Mas ontem vi que a Maria Leonardo publicou uma onda no facebook dela, e é muito melhor que qualquer mar do Gerhard Richter. Fiquei a olhar para essa onda poderosa e surda pensando "agarrem-me, que..." 



E assim vai a vida.
Vai e vem, vai e vem, rebenta e recomeça. Sem sair do sítio, sempre renovada, sempre bela.


(A palavra de ontem na nossa enciclopédia era "onda")


4 comentários:

Rita Maria disse...

Tens de levar o senhor a Viana, se calhar acha que ondas são aquelas pontas mais espigadas da sopa báltica.

(não tens nada, tens de não escolher second best quando sabes exactamente o que queres - é sempre mau negócio, depois já temos a coisa mas ainda não temos a coisa e é uma incompletude)
(Queridos outros comentadores: quem alinha numa Onda Crowdsourcing?

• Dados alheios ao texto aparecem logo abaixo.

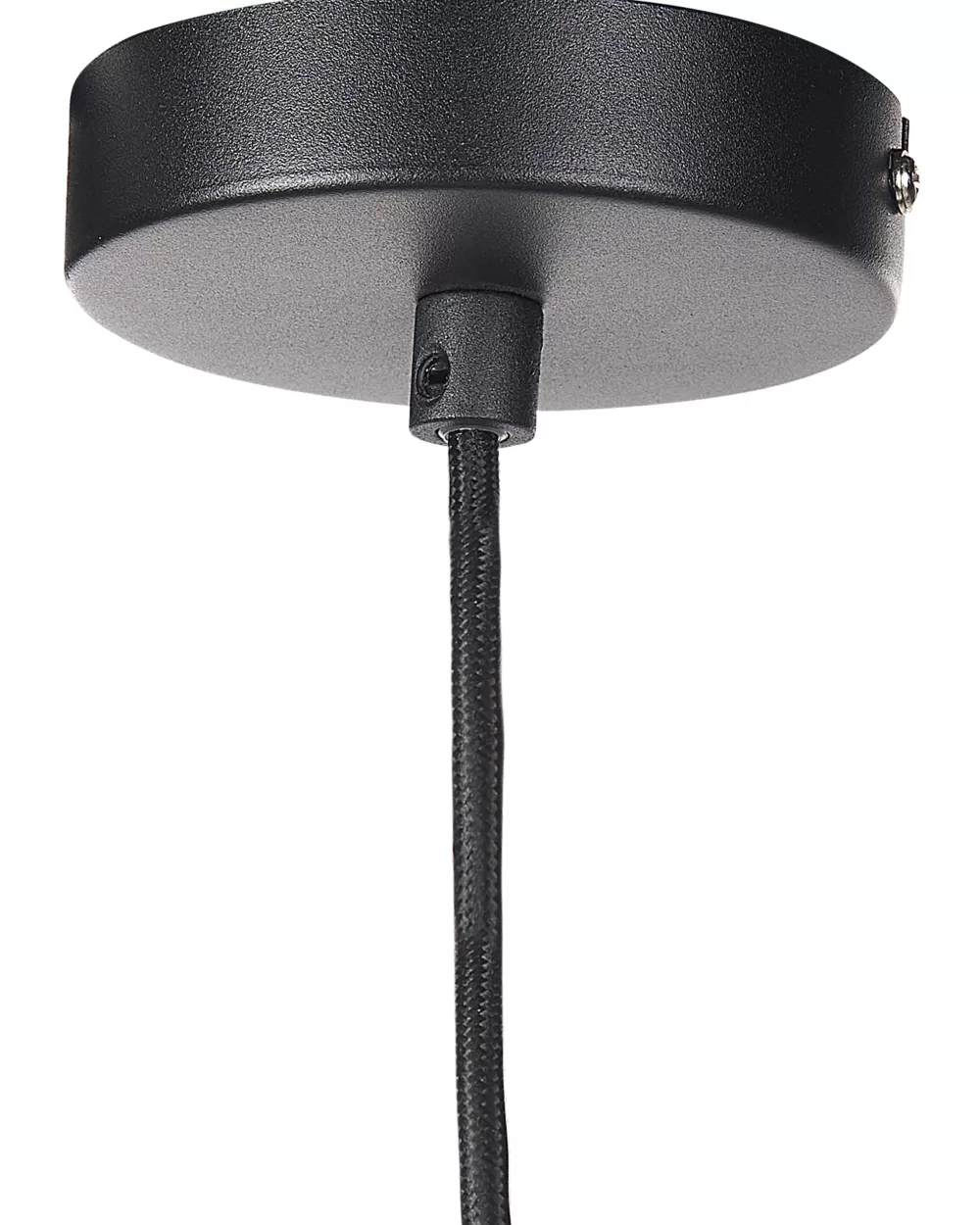 Lampadario Beliani Talparo Sospeso in Vetro con Finiture Bicolore - Nero Lucido e Argento Opaco per Interni Moderni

Ainda temos algum tempo até ao próximo aniversário!)

Helena Araújo disse...

Olha que pensei mesmo nisso! Ele só vai saber pintar a minha onda depois de ter visto (e combatido) o meu mar.

E és muito querida, mas nada de crowd founding. Ainda não gastei esse dinheiro que me deram nos anos, por não saber escolher entre qual das ondas!

Pus a do Cusik como screen saver, e fiquei com a sensação que já me chegava. Entretanto vendem as fotografias (1 de 100, acho eu) a mais de 600 euros. Não sei, não sei. A Maria Leonardo é fantástica e (por enquanto) bastante mais acessível.

De modo que: não façam nada! Ficamos aqui a conversar, conversa vai conversa bem, sem decidir nada e sem sair do sítio. Adoro. :)

snowgaze disse...

Eu alinho no crowdsourcing.

Helena Araújo disse...

:)
Vocês são é tontas!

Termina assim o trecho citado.